------ TASK INPUTS ------

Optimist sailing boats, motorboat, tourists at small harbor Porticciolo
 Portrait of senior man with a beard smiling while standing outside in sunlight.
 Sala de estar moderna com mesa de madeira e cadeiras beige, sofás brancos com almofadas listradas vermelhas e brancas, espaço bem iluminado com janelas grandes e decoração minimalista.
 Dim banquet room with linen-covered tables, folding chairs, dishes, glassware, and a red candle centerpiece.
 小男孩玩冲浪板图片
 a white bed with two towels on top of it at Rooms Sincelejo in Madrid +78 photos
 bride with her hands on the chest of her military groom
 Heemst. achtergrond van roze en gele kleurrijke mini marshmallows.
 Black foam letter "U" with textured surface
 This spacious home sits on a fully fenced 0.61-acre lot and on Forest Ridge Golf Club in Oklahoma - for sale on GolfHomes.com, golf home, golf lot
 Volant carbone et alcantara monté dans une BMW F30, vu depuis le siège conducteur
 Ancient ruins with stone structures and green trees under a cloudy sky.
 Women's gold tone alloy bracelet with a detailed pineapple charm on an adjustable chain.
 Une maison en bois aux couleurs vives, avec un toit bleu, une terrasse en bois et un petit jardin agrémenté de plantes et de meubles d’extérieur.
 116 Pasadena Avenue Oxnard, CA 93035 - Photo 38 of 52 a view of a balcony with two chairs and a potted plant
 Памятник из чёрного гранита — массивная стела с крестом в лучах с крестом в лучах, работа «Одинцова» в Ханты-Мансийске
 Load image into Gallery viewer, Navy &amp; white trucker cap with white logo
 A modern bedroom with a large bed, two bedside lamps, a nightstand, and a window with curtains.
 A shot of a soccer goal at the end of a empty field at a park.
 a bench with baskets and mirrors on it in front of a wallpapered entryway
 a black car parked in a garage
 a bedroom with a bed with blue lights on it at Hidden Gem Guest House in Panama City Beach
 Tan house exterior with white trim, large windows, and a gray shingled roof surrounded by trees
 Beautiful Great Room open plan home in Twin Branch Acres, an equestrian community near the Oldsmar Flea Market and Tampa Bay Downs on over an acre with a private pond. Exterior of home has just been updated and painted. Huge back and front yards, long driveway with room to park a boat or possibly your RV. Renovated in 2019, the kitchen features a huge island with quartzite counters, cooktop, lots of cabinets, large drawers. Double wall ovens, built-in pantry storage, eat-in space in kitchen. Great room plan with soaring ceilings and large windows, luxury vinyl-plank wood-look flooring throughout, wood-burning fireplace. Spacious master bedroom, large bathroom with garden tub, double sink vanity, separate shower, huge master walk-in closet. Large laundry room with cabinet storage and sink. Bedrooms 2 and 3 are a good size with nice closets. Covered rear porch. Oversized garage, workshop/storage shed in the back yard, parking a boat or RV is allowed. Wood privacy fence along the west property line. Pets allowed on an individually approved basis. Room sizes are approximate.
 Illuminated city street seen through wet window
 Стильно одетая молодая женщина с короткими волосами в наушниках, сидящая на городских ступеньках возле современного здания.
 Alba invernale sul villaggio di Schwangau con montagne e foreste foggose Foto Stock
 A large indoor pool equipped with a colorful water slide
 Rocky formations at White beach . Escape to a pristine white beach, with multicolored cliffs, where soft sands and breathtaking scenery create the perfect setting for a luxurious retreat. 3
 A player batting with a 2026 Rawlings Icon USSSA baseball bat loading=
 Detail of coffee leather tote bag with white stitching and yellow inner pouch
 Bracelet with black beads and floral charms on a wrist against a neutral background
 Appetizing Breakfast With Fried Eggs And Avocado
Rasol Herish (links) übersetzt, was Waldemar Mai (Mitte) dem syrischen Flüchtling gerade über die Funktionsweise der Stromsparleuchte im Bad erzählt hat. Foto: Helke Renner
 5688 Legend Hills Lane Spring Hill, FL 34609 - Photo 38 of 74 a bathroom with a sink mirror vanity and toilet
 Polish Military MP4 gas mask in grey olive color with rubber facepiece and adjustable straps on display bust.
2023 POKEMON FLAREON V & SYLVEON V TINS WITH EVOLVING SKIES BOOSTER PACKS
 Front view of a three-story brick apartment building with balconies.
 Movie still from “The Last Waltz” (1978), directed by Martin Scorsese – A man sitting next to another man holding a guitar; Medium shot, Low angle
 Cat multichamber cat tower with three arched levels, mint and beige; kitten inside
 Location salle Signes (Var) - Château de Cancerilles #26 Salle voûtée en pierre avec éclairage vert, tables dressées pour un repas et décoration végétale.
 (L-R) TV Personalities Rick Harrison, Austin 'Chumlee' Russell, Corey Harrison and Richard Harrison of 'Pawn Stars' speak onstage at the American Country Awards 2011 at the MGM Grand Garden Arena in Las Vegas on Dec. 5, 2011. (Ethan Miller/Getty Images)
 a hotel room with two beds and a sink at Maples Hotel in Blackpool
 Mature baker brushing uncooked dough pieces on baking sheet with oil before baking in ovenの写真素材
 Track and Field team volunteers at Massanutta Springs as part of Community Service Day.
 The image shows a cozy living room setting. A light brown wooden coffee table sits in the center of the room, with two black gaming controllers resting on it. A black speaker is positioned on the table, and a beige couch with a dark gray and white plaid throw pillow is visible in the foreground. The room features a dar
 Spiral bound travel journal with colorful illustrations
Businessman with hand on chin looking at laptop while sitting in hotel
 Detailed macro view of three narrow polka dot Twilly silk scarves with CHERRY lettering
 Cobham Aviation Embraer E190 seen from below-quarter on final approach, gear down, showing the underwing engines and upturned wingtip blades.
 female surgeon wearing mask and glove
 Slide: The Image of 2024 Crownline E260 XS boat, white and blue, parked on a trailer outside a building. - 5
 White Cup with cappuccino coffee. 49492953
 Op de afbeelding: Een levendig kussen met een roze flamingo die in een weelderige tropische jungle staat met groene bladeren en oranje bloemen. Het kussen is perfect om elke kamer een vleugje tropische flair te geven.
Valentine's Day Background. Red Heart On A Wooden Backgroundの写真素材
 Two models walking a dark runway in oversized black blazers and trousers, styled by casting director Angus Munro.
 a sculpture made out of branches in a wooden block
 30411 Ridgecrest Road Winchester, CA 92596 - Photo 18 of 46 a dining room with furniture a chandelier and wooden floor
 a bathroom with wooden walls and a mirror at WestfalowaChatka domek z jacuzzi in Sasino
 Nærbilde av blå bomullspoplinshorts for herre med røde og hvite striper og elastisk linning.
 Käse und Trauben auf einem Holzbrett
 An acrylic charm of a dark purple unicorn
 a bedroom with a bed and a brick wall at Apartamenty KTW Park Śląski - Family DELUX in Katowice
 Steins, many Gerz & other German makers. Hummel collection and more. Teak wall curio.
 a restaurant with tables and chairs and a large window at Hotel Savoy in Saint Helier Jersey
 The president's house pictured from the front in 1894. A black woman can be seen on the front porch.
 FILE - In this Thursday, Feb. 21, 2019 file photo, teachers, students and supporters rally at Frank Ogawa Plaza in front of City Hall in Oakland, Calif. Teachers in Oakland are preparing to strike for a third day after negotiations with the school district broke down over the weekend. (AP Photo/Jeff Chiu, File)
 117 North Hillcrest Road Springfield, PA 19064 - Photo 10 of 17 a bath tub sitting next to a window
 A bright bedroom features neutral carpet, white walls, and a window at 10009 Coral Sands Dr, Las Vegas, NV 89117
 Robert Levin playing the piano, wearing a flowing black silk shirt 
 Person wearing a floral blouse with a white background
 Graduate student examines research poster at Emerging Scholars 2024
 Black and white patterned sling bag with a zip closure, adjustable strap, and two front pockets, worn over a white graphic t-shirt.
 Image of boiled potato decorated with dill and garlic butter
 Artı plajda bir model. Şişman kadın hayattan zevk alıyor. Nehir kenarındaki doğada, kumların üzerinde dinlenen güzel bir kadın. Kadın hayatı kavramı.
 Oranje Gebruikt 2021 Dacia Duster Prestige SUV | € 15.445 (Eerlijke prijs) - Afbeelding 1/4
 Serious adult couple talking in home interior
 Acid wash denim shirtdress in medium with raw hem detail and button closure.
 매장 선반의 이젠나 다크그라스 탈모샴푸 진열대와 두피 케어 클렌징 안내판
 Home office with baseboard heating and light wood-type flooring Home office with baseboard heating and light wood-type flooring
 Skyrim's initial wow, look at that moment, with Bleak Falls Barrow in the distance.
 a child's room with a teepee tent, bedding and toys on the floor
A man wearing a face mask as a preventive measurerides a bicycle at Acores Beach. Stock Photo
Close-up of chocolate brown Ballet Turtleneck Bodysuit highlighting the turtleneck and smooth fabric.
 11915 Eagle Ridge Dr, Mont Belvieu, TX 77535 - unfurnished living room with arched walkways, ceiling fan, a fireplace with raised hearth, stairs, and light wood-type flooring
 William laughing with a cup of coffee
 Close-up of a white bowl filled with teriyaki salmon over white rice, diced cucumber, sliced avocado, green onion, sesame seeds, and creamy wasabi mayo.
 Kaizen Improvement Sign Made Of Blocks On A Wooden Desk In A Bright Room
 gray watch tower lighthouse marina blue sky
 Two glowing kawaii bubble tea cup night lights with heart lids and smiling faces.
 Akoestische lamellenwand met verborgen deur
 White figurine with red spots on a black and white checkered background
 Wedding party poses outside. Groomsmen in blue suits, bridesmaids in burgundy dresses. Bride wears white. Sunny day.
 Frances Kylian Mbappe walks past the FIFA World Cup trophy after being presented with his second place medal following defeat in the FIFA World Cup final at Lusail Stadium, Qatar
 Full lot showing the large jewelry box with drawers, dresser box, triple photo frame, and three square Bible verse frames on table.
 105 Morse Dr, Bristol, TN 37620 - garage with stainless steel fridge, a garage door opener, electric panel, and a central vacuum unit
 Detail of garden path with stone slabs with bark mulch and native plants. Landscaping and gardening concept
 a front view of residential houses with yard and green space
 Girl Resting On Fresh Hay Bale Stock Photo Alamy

------

Read through the entries and copy every line that includes "lights".

**RESULT OF THIS EXERCISE:**
 a bedroom with a bed with blue lights on it at Hidden Gem Guest House in Panama City Beach
 Two glowing kawaii bubble tea cup night lights with heart lids and smiling faces.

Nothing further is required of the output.